* Problem details: Starting at the line with "That's more or", retype every remaining line of the records exactly. Do not include pictures.

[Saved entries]
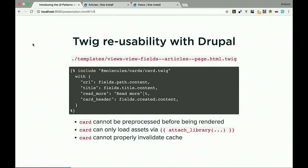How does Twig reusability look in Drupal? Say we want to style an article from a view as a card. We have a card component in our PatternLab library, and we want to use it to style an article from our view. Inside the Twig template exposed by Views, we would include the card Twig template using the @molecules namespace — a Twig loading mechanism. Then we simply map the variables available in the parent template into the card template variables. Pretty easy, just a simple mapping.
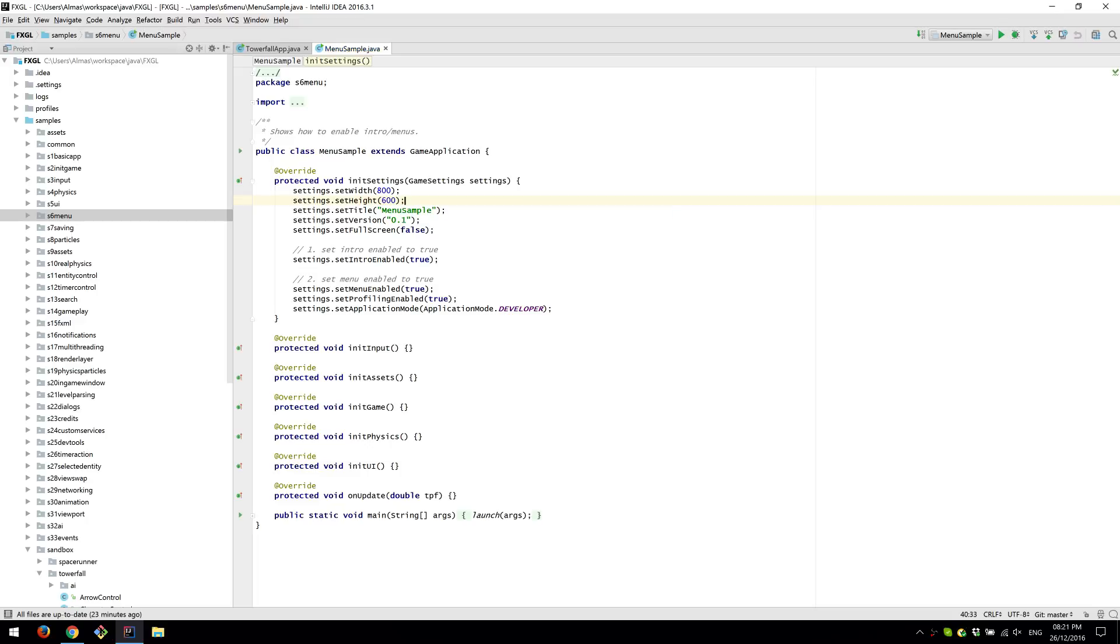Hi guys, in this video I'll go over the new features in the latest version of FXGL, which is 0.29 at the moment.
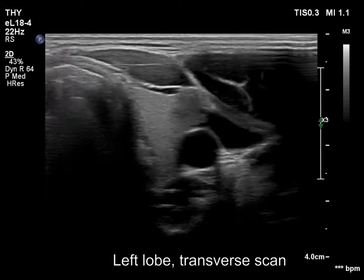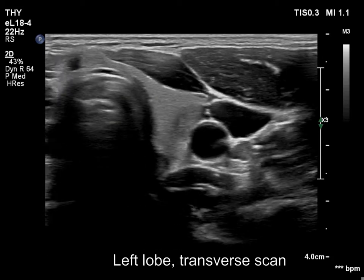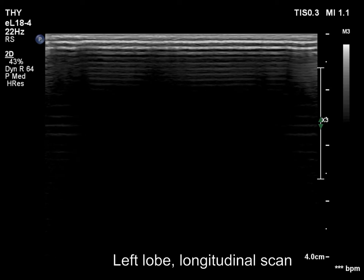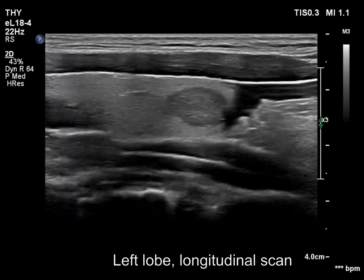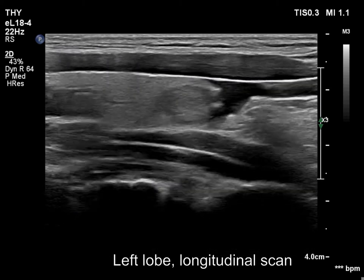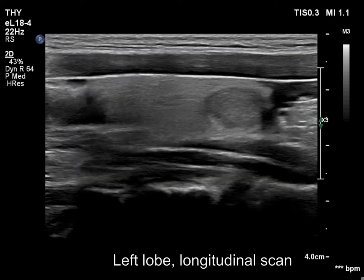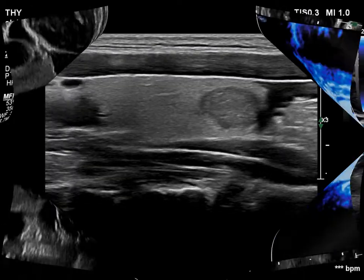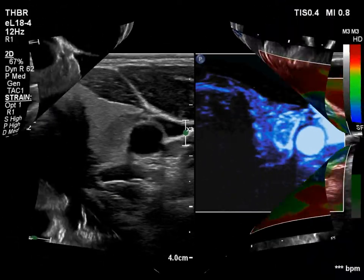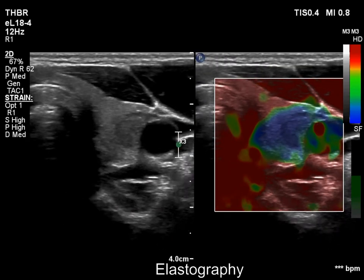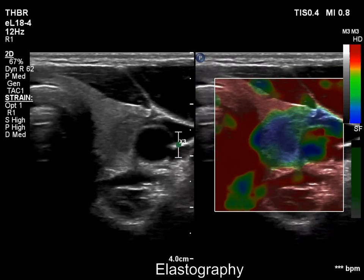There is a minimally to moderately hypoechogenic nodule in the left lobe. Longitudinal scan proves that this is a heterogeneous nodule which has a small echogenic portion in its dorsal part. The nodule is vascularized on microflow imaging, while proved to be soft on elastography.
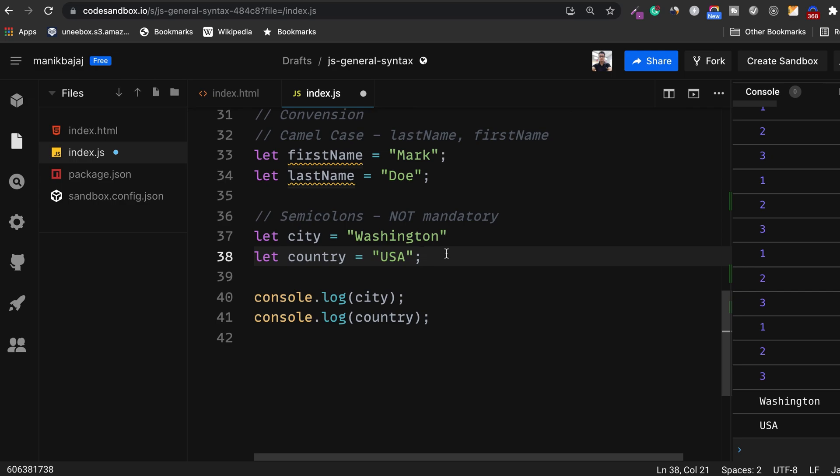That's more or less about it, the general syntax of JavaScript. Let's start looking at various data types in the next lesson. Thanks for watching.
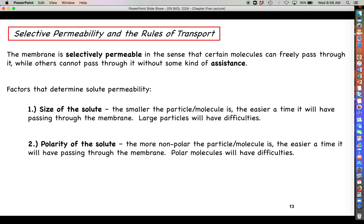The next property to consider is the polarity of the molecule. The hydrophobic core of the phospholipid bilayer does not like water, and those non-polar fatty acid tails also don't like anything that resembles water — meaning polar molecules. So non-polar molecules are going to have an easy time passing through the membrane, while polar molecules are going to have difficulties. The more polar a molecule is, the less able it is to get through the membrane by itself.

* Written answer:
That's more or less about it, the general syntax of JavaScript. Let's start looking at various data types in the next lesson. Thanks for watching.
The next property to consider is the polarity of the molecule. The hydrophobic core of the phospholipid bilayer does not like water, and those non-polar fatty acid tails also don't like anything that resembles water — meaning polar molecules. So non-polar molecules are going to have an easy time passing through the membrane, while polar molecules are going to have difficulties. The more polar a molecule is, the less able it is to get through the membrane by itself.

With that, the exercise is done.